RAW DATA Start Marker
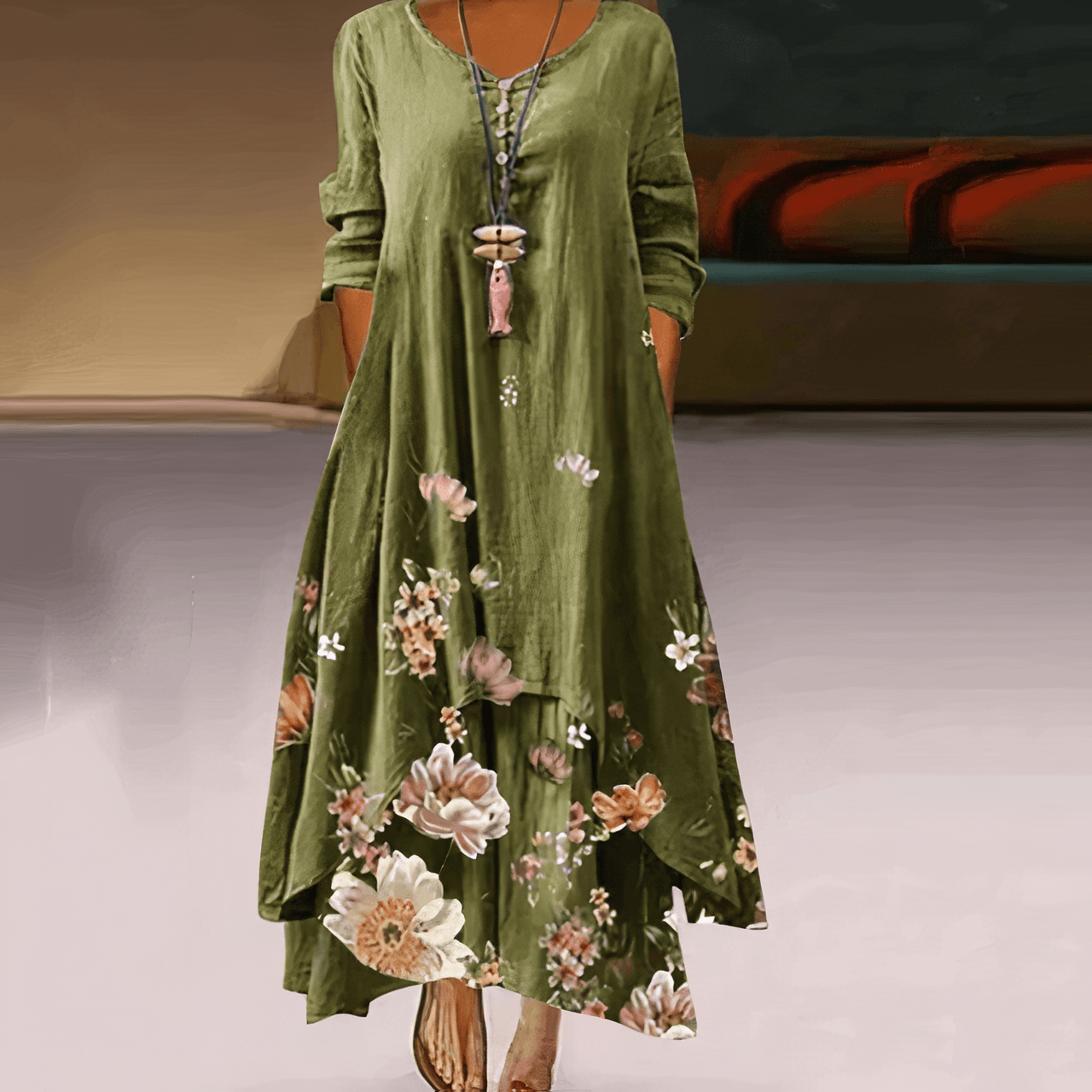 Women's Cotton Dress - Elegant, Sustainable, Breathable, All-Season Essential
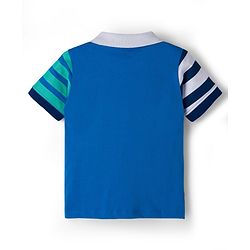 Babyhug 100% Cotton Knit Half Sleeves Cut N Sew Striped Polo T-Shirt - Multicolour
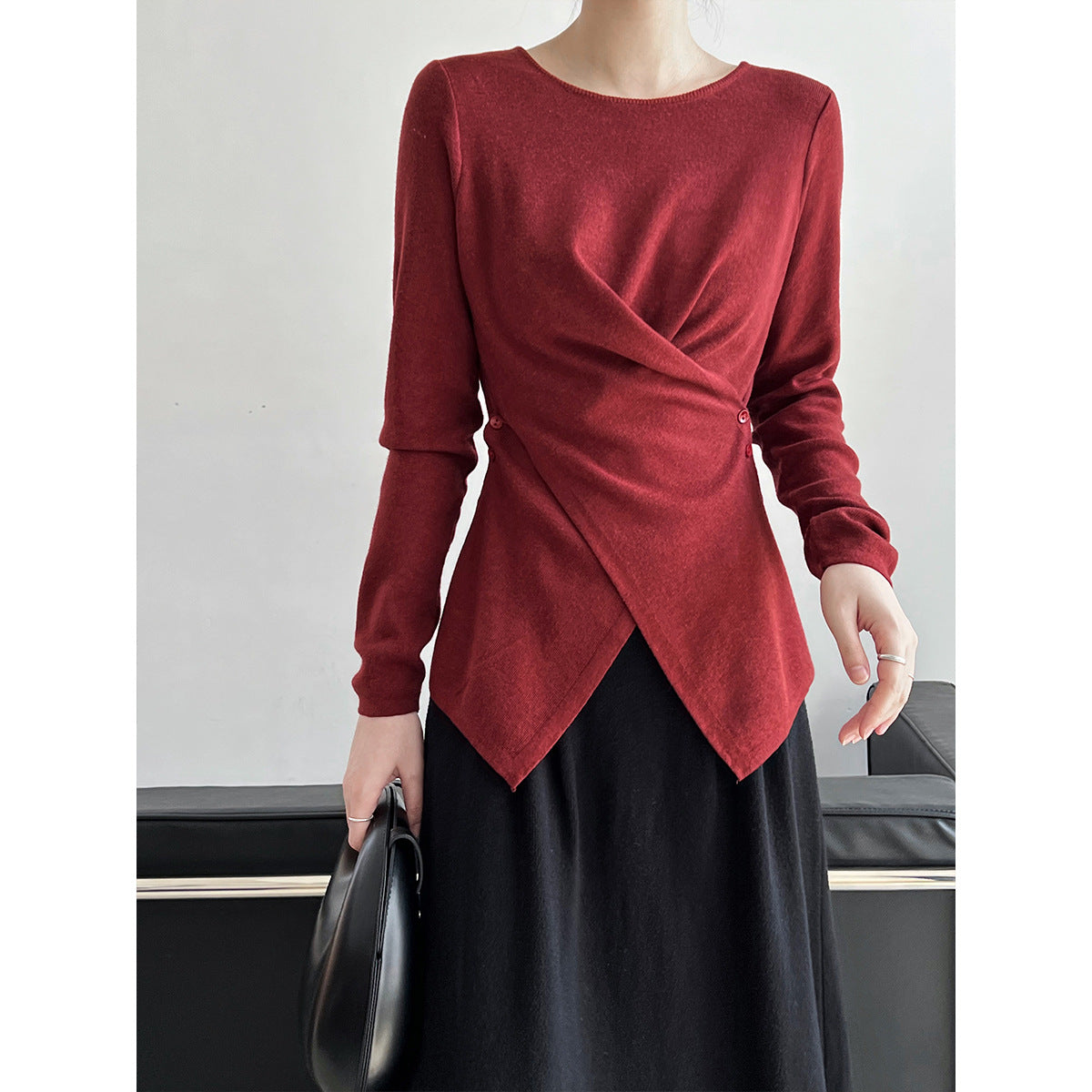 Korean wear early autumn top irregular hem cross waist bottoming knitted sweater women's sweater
RAW DATA End Marker
WHAT YOU SHOULD DO – Set down again, exactly, the lines of the material above from its first line to the one with "Babyhug 100% Cotton", inclusive. Leave the pictures out.

EXPECTED OUTPUT –
 Women's Cotton Dress - Elegant, Sustainable, Breathable, All-Season Essential
 Babyhug 100% Cotton Knit Half Sleeves Cut N Sew Striped Polo T-Shirt - Multicolour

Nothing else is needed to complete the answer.